EduardoPinzolas 03/09/2015 - 20:04h
Permíteme Juan que, con todos los respetos, discrepe, pero eso que propones me parece hacer pagar a justos por pecadores. Me recuerda a aquello de llenar de pilonas todas las aceras para evitar que los coches aparquen encima de ellas o, hiperbolizando, a cerrar las joyerías para no tentar a los ladrones a atracarlas. El problema no está en la institución, el nombre o la representación física, sino en la falta de respeto (que no sólo mal gusto) de un sector de población que luego es muy proclive a reclamar y exigir respeto para lo propio y que se rasga las vestiduras y moviliza a sus mesnadas porque a un imbécil se le ocurre poner determinado nombre a un caballo. Y, como decía alguien por aquí, la falta de respeto a los símbolos es el símbolo (valga la redundancia) de la falta de respeto y el desprecio a todo lo demás y por ahí se empieza a marcar la senda para actos mucho más graves (que ojalá nunca lleguen a tener lugar).
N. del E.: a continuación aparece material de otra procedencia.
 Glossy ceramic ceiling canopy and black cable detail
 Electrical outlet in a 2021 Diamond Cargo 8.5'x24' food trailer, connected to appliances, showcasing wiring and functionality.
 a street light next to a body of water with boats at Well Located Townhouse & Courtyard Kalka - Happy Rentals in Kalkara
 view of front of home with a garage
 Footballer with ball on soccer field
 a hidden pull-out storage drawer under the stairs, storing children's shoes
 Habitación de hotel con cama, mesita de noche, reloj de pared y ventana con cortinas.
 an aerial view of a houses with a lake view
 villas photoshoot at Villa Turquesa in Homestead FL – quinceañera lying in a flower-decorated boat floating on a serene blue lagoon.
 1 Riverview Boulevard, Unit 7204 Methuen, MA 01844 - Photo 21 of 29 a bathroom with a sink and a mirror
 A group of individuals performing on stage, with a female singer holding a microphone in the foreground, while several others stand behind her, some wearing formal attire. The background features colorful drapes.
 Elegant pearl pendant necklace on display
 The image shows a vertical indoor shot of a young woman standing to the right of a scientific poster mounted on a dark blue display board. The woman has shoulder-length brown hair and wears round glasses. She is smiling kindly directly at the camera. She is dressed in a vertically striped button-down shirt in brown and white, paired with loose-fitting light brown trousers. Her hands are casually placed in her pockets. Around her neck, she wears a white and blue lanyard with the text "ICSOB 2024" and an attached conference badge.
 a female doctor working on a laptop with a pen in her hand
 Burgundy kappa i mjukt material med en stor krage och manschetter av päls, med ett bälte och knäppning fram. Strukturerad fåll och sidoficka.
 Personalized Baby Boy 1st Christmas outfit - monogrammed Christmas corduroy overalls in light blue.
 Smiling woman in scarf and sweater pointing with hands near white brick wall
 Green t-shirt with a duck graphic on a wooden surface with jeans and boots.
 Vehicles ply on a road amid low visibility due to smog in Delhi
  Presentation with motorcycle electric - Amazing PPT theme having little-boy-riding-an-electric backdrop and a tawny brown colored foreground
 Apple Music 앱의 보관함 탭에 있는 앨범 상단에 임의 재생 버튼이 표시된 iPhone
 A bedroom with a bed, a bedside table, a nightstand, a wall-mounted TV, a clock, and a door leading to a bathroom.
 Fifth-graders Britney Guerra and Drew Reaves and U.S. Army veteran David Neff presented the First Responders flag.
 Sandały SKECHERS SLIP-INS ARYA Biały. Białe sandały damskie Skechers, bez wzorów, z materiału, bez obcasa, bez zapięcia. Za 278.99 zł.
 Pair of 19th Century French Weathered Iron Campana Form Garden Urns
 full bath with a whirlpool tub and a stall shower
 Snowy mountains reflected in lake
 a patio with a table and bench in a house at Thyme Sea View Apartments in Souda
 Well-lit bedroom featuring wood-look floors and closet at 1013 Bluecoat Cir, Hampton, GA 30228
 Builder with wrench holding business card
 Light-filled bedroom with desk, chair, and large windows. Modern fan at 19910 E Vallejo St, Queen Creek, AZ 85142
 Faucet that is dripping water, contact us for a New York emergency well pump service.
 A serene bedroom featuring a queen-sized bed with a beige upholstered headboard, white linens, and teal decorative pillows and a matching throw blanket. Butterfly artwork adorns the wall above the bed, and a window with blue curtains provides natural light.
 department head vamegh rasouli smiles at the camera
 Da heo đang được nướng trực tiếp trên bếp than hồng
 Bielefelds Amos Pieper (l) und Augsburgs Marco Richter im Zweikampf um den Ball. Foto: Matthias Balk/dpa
JuanPerez 03/09/2015 - 20:04h
Eduardo. vui mirar-ho des de la preservació d'un dret fonamental: el dret la discrepància, emparat per la nostra Constitució. Si repasses les sentències dels tribunals pel que fa a la llibertat d'expressió de la discrepància, han emparat coses molt més grosses que aquesta manca de respecte que només retrata els qui la practiquen i qui somriu, com dient: "heus ací aquests barroers, heus ací els meus poders, Altesa." Per això, entre els possibles càstigs cada vegada m'inclino més per la sanció que obligui tots dos clubs a jugar totes les fases de la propera copa, sense estalviar-se'n cap ni una. Segur que s'hoi pensarien dues vegades abans de veure amb tanta passivitat certes actituts politiques, que no pas esportives, dels seus seguidors. És molt significatiu que una obra d'art com el regateig de Neymar es veiés, però, com a un insult; no pas els xiulets contra els símbols de l'estat. Els tribunals, però, sempre empararan la lliberat d'expressió, fins i tot en això.
RS 03/09/2015 - 20:04h
[Antoni Ferret] Con todo el respeto a la lengua catalana, esto de poder traducir o no traducir se está volviendo pesado. Si uno habla castellano y dice Generalidad, Lérida, Instituto de Estudios Catalanes, o Academia Francesa, es perfectamente comprensible y no veo cuál es el problema. Tú cuando hablas de una institución china, ¿dices su nombre oficial en mandarín en vez del equivalente catalán? Seamos serios.